» **SOURCE MATERIAL**:
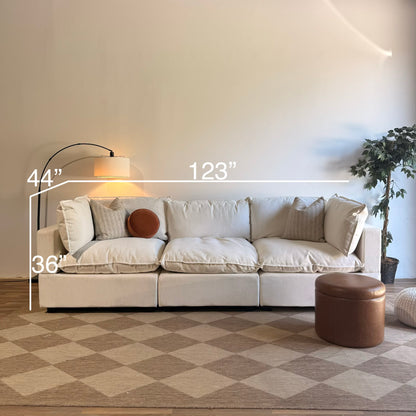 Albany Park Kova Sofa 122 + Double Storage Ottoman in Sand Basketweave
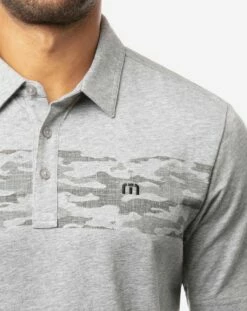 TravisMathew Men's Park It Polo For Men Heather Light Grey -TravisMathew Sales Store unnamed file 265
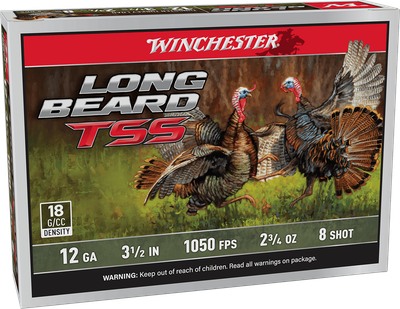Winchester Long Beard TSS Shotshells LBTSS12L8, 12 Gauge, 3-1/2", 2 3/4 oz, 1050 fps, #8 Shot, 5 Rds/box
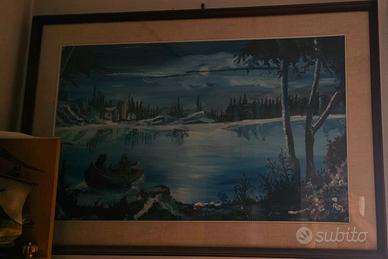 dipinto lago ghiacciato firmato Fabbri
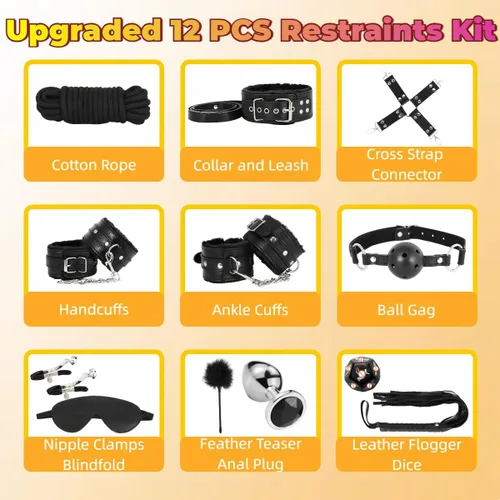 Vista 5 de Kits de Restricciones de Bondage Sexual Juguetes BDSM 12 Piezas Esposas Grilletes de Tobillo Tapón Anal Pinzas para Pezones Mordaza de Bola Venda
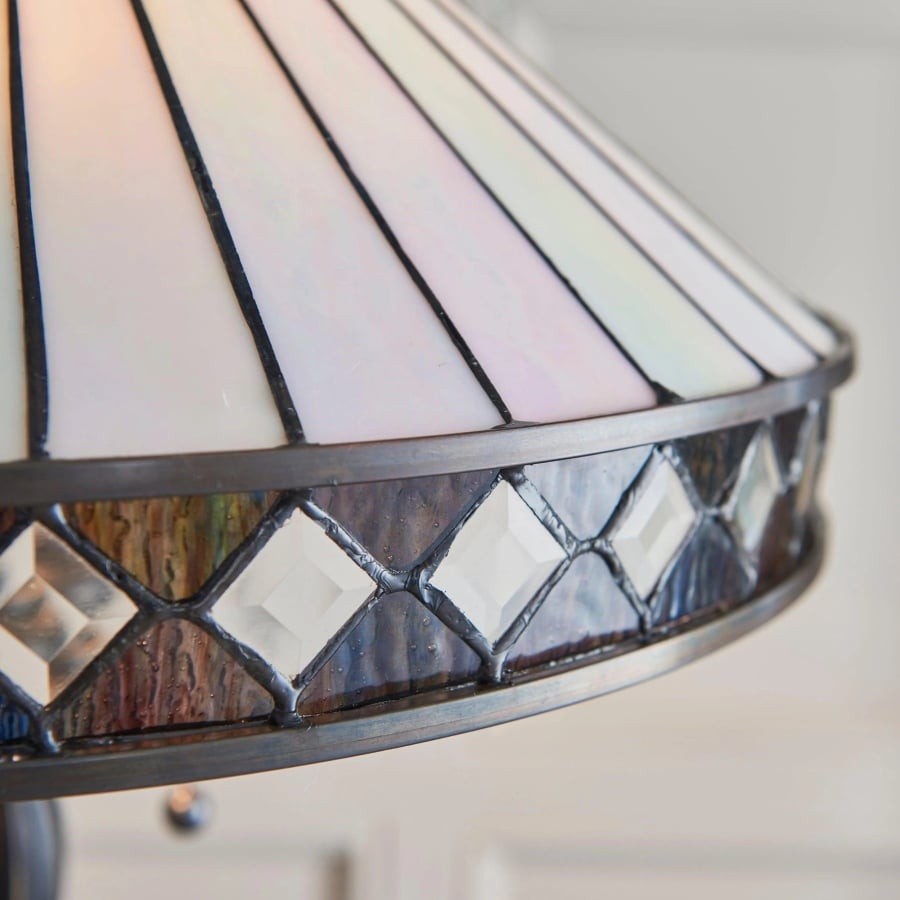 TF Fargo Geometric Tiffany Style Lamp - Amber and Cream Glass Accent Lighting for Bedroom or Study T643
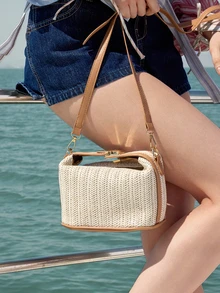 Glizzene 2024 New Arrival Casual Fashion Woven Shoulder Bag, Crossbody Bag, Tote Bag, Woven Handbag, Eye-Catching Beach Bag Summer, Summer Straw Beach Bag For Women, Hottest Beach Bags For Women, Fashion Summer Vacation Bag, Beach Essentials Women Bags For Vacation & Holiday, Newest Holiday Bag, Woven Bag Wedding - Apricot - View 4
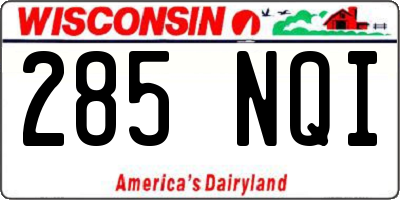 WI license plate 285NQI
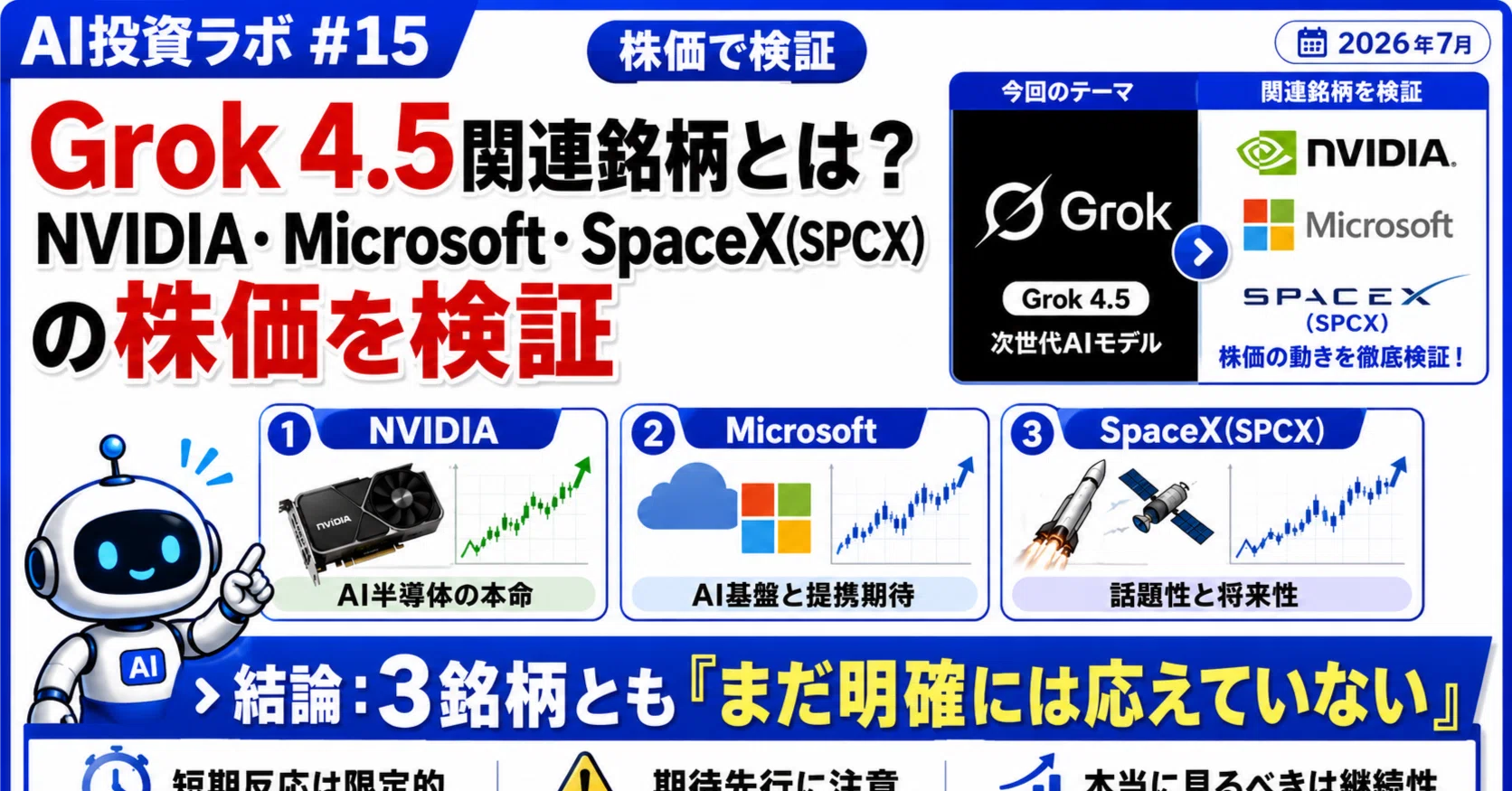 Grok 4.5関連銘柄とは？NVIDIA・Microsoft・SpaceX(SPCX)の株価を検証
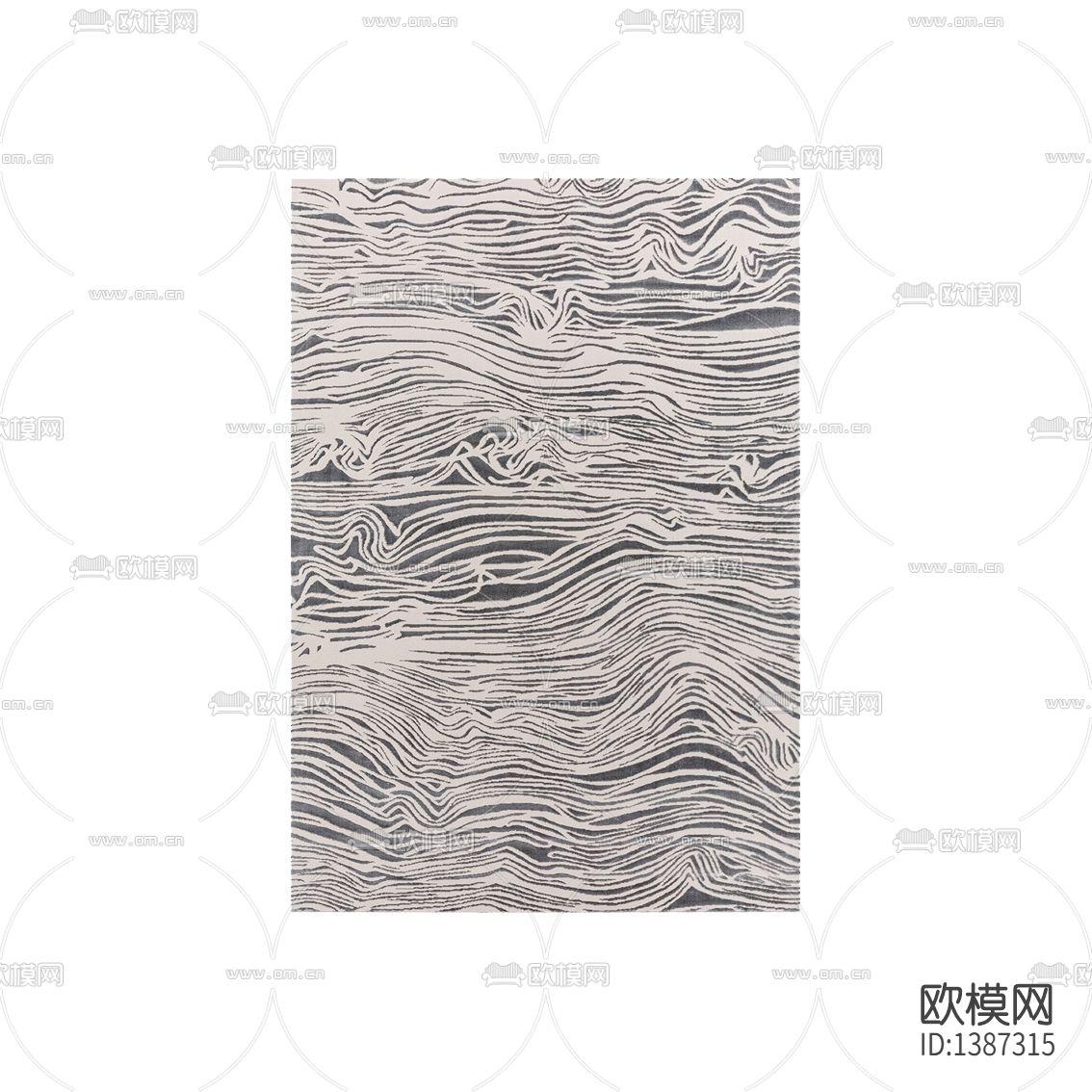 现代简约创意异形纹路布艺地毯下载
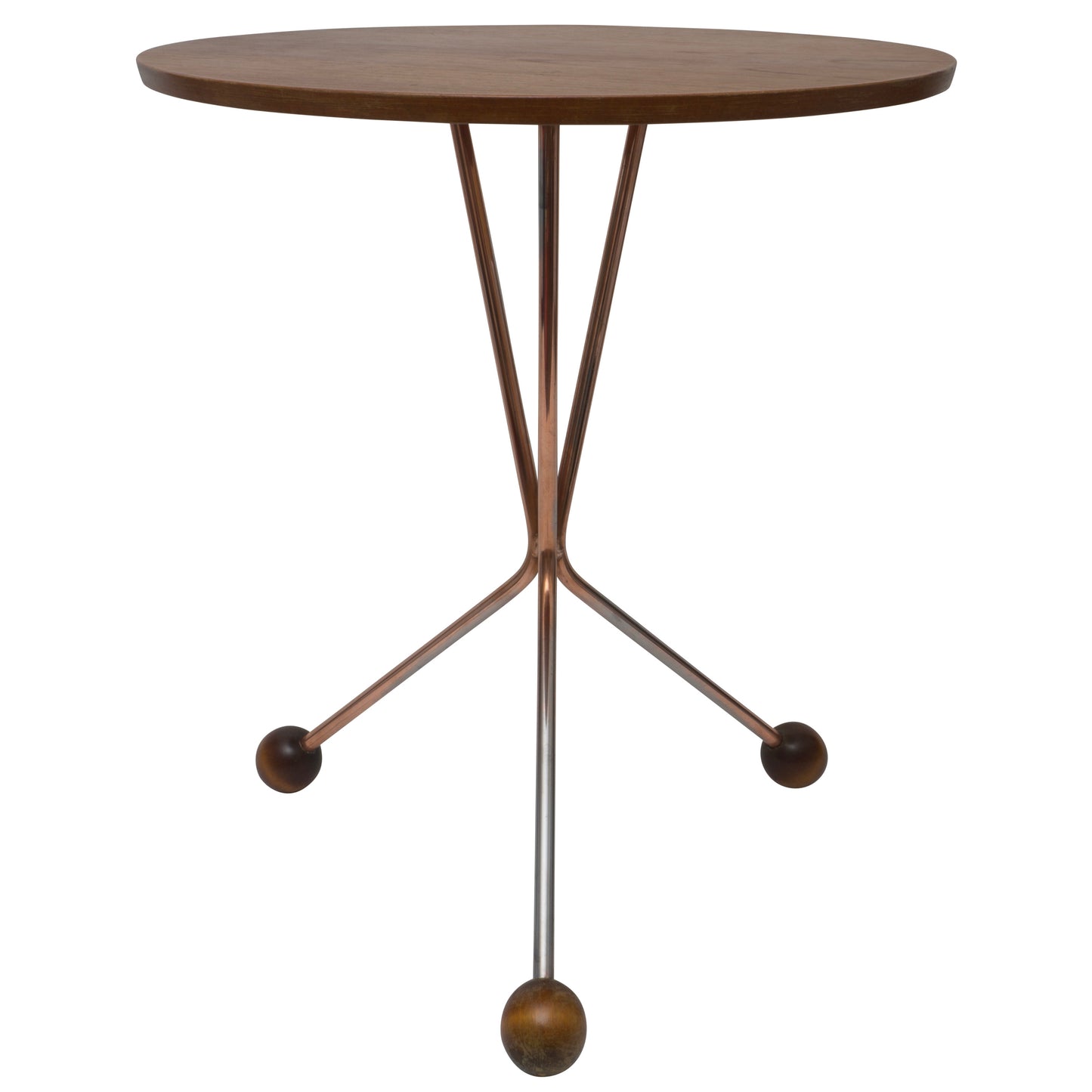 Swedish Atomic Teak and Copper Side Table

» **WORK REQUEST**: Repeat the listing verbatim without its pictures.

» **SOLUTION FOR THIS EXERCISE**:
 Albany Park Kova Sofa 122 + Double Storage Ottoman in Sand Basketweave
 TravisMathew Men's Park It Polo For Men Heather Light Grey -TravisMathew Sales Store unnamed file 265
Winchester Long Beard TSS Shotshells LBTSS12L8, 12 Gauge, 3-1/2", 2 3/4 oz, 1050 fps, #8 Shot, 5 Rds/box
 dipinto lago ghiacciato firmato Fabbri
 Vista 5 de Kits de Restricciones de Bondage Sexual Juguetes BDSM 12 Piezas Esposas Grilletes de Tobillo Tapón Anal Pinzas para Pezones Mordaza de Bola Venda
 TF Fargo Geometric Tiffany Style Lamp - Amber and Cream Glass Accent Lighting for Bedroom or Study T643
 Glizzene 2024 New Arrival Casual Fashion Woven Shoulder Bag, Crossbody Bag, Tote Bag, Woven Handbag, Eye-Catching Beach Bag Summer, Summer Straw Beach Bag For Women, Hottest Beach Bags For Women, Fashion Summer Vacation Bag, Beach Essentials Women Bags For Vacation & Holiday, Newest Holiday Bag, Woven Bag Wedding - Apricot - View 4
 WI license plate 285NQI
 Grok 4.5関連銘柄とは？NVIDIA・Microsoft・SpaceX(SPCX)の株価を検証
 现代简约创意异形纹路布艺地毯下载
 Swedish Atomic Teak and Copper Side Table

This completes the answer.